**Description of the task**
In the entries that follow, the lines from the one with "Fotografia tomada fuera" through the one with "Building Photo - 3338 Coleman Ave" are the ones to write out, exactly and with both ends included. Nothing else should appear.

**Records to process**
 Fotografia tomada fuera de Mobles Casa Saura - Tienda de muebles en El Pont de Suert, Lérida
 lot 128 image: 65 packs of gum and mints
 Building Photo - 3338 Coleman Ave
...
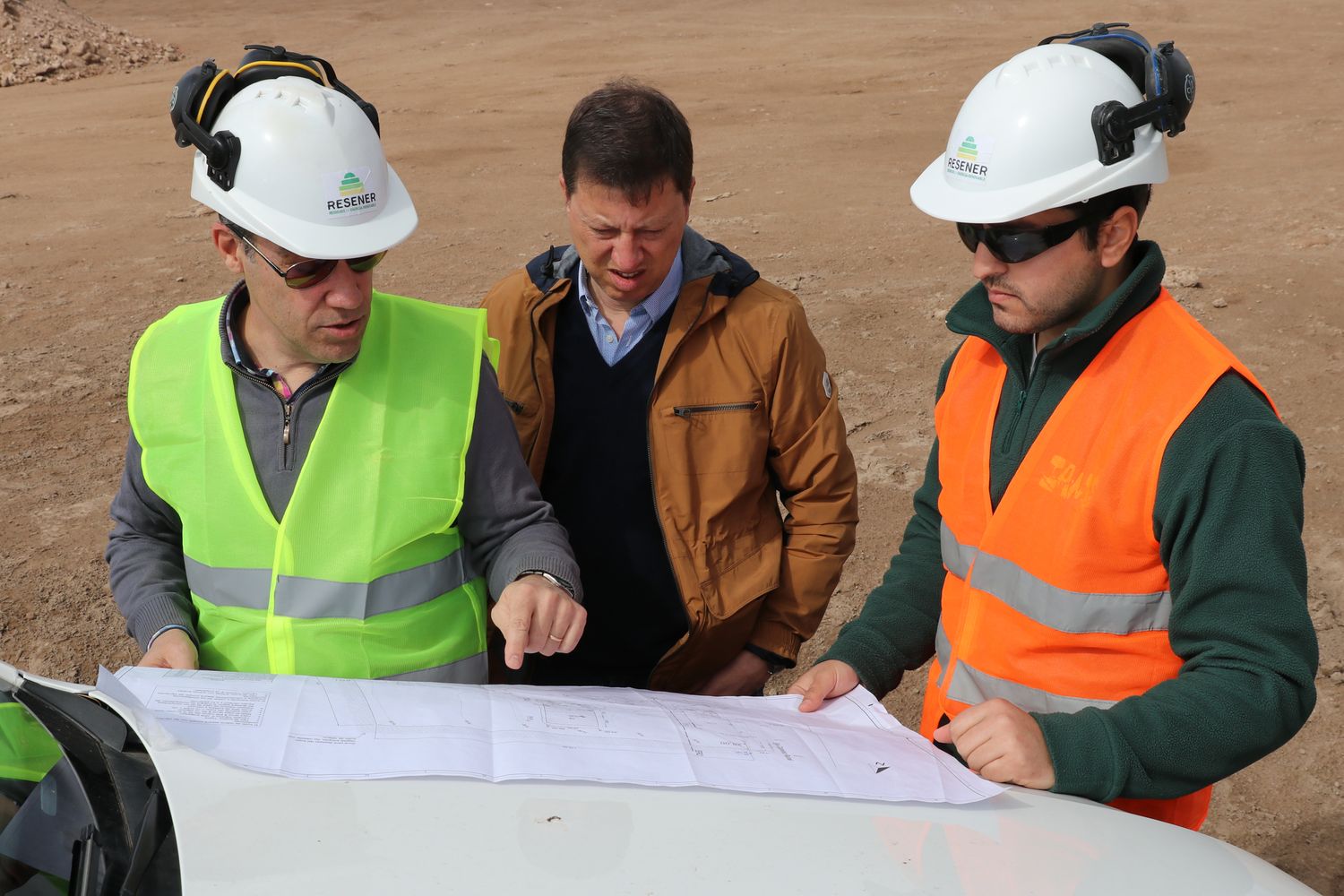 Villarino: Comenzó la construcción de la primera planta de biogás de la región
...
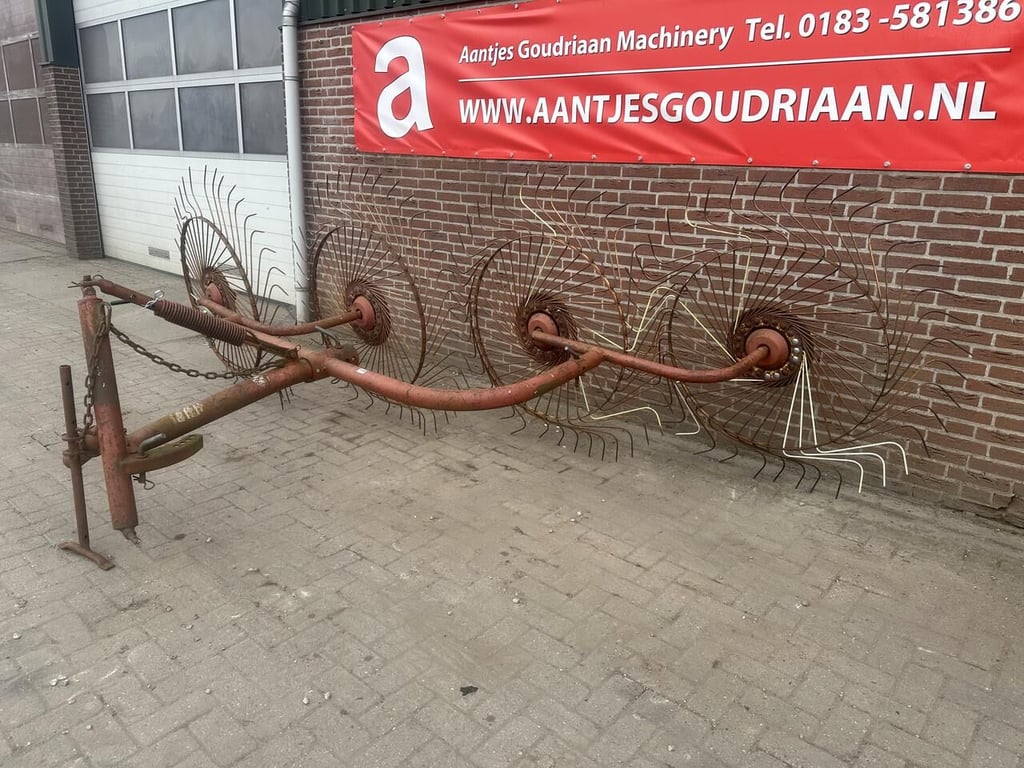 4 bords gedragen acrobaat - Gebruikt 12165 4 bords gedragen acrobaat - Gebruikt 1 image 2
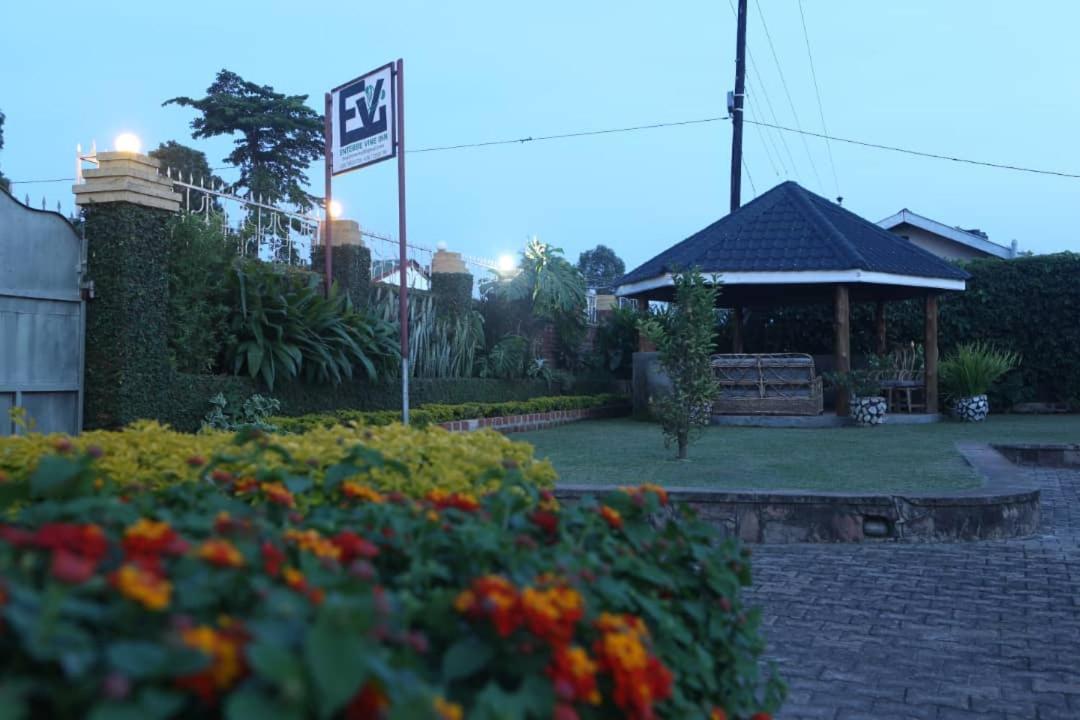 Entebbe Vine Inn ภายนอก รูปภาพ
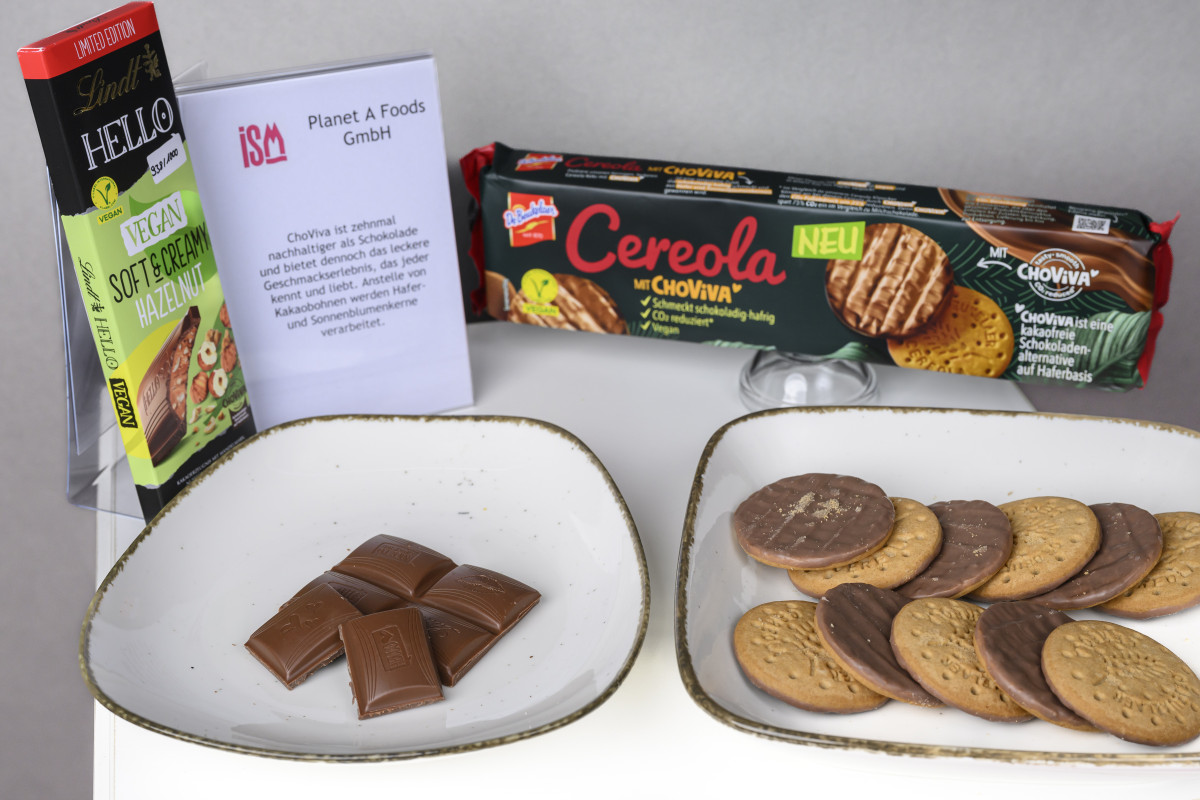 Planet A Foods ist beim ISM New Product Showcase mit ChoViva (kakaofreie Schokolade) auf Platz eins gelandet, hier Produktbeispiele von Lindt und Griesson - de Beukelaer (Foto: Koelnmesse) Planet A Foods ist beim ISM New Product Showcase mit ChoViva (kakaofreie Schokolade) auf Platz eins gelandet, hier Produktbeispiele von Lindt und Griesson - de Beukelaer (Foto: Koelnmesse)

**Answer box**
 Fotografia tomada fuera de Mobles Casa Saura - Tienda de muebles en El Pont de Suert, Lérida
 lot 128 image: 65 packs of gum and mints
 Building Photo - 3338 Coleman Ave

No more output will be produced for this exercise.